Later, our clothing resettled in its proper position and recovering quickly as children do, at least on the surface, we all wander out to play on the grounds, where most of the other children obediently swing or slide. I am the renegade, subservient to my imagination, disinterested in mindless play, finding assorted treasures in the dirt, in the sparse brown grass, buttons and pieces of rotted wood, bottle caps, shiny, flaking mica rocks, and a sort of Bronx beach glass, really weathered broken bottle shards, dreaming up new scenarios and art forms from sand and stick and stone. Whatever are you doing? Stop that immediately, wash your hands, find a toy, and join the other children. Nice little girls don’t do that. Let me push you on the swings. No, no, just the thought of swings makes me queasy.
Be good, now, I am warned; whatever is wrong with you? Why can’t you play nicely like all the other children? What is this pressure, this necessity to be like everyone else?

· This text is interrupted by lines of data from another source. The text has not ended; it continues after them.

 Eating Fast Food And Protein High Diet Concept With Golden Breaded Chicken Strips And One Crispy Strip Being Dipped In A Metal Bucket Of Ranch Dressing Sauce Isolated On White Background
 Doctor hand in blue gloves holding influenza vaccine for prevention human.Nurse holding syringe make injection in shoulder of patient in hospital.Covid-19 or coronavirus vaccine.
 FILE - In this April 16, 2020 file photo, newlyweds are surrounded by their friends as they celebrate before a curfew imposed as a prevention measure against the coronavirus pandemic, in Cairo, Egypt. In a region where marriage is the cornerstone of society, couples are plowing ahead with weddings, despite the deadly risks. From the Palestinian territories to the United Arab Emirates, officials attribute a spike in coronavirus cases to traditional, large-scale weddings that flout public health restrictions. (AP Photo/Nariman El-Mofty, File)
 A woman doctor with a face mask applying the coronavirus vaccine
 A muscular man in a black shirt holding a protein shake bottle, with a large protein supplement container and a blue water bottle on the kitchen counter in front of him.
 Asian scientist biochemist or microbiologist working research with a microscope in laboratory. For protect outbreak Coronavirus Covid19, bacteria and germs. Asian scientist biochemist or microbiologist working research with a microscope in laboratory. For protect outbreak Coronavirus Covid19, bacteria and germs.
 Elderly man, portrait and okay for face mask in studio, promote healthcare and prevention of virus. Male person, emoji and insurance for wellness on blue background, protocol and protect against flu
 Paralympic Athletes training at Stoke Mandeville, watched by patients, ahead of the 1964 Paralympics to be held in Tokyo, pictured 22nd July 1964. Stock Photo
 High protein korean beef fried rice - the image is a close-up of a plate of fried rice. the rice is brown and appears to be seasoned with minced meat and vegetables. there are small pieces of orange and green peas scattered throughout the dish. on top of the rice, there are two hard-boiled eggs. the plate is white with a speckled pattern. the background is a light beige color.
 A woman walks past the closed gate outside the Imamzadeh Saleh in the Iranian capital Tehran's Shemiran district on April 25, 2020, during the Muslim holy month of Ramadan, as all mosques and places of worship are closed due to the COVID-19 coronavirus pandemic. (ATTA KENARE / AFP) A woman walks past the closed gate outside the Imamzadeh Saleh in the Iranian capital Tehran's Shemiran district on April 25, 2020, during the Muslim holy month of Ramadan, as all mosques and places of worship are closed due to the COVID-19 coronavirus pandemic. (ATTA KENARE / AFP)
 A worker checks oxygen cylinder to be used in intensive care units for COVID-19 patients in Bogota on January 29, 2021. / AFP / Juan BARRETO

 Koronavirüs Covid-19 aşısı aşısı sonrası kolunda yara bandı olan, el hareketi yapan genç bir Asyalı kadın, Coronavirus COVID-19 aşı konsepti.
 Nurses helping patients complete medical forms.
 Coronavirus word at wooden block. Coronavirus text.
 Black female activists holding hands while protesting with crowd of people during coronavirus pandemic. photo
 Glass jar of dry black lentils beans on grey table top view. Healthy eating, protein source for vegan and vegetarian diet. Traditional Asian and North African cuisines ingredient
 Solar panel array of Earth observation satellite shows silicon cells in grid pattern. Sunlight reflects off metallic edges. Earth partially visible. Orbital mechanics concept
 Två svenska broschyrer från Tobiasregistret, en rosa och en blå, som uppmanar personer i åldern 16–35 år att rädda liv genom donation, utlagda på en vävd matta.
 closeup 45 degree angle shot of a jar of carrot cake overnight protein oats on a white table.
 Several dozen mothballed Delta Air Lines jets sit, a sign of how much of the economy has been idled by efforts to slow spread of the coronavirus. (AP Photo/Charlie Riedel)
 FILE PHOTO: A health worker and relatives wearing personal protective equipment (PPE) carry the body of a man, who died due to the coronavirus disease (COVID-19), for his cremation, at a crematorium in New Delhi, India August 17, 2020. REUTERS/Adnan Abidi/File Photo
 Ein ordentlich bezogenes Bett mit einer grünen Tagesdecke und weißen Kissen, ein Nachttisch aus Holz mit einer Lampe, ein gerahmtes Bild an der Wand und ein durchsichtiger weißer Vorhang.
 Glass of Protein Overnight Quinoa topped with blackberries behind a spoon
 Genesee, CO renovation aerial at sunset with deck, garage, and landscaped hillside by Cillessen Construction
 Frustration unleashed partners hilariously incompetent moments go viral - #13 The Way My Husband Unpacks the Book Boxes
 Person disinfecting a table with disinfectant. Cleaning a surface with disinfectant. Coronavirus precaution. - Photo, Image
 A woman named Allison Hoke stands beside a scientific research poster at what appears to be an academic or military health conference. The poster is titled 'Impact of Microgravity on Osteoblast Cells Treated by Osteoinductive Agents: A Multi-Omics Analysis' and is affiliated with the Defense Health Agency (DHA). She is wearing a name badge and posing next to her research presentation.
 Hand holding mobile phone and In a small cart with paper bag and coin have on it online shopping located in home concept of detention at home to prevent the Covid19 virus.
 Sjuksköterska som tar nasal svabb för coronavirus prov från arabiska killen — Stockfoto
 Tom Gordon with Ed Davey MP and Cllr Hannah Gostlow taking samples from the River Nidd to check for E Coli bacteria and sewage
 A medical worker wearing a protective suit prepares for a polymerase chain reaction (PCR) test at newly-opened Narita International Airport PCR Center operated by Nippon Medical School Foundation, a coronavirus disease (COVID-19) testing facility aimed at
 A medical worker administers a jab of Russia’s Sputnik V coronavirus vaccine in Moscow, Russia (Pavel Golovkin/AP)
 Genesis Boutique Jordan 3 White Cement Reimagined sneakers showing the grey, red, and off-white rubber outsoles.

Sometimes they do force me to swing, and I endure this torture, which culminates usually in what little breakfast I have consumed being left on the playground floor, behind a bush, or in a sand bucket, if they have been fast enough. They never learn, they are determined to convert me to a happy swinger. They are determined to force me to conform to their particular image of child. Then the afternoon activity, more a respite for supposedly hardworking teachers than something of value for already bored children, a compulsive mass nap on folding army cots with scratchy wool blankets, sleepy or not, the lights dimmed and the window shades lowered so that only the tips of the trees are visible in the yard, and finally Mommy arrives, worn and cranky after her long day of teaching and dealing with routine technical nonsense, to take me home. When she sees me, her face softens, and a wide smile appears.
We walk slowly, hand in hand, to the bus stop. Her hand is soft and cool and pliant, as always; the feel of it is engraved on my memory, I can feel its touch whenever I am sad or ill. Her hand is love, security, and I cherish its brief tenure attached to mine. Warmth infuses my body just to be near her. Already the day has faded to a faint gray receding blur. I wish to cling to her, to never have to let go, but I know that is not going to happen. Did you have a nice day, she asks sweetly, her voice filled with love, and I nod yes, because I don’t know what else to say that will not create more havoc than I am ready to deal with. My eyes give me away, huge and dark and sad. She tries not to notice, cannot face discord, dismay, in her barely tolerable, tightly controlled existence. The lines from the corners of my mouth to my chin are getting deeper; I look like a marionette, I think, when I look at myself in the bus window, the world darkening behind it as we pass under the elevated train structure. I open and close my mouth a few times experimentally, noticing that yes, strangely enough, I am turning, the opposite of Pinocchio, into a puppet. No, I think gravely. I will never let that happen. I know Pinocchio very well, since my mother takes me to see each and every child’s movie and show that graces the theater. I am on first name basis with Dumbo, Babaar, Snow White, and Cinderella, and an assortment of adult musicals; The Secret Garden, The Little Princess, and Pollyanna, Anchors Aweigh. Meet me in St Louis, Louis, I sing inside my head, meet me at the fair, I sing silently, remembering. I will never forget how Dumbo lost his mother, and Babaar, and there is Madeleine, the French orphan who lives with nuns in an orphanage, twelve little girls in two straight lines, which all fill me with terror. Mom was forced to leave me in the care of the nuns at the church on our corner a couple of times when the baby sitter didn’t show and she had to leave for work. I am quite certain that I don’t want to be sent to an orphanage and be cared for by nuns.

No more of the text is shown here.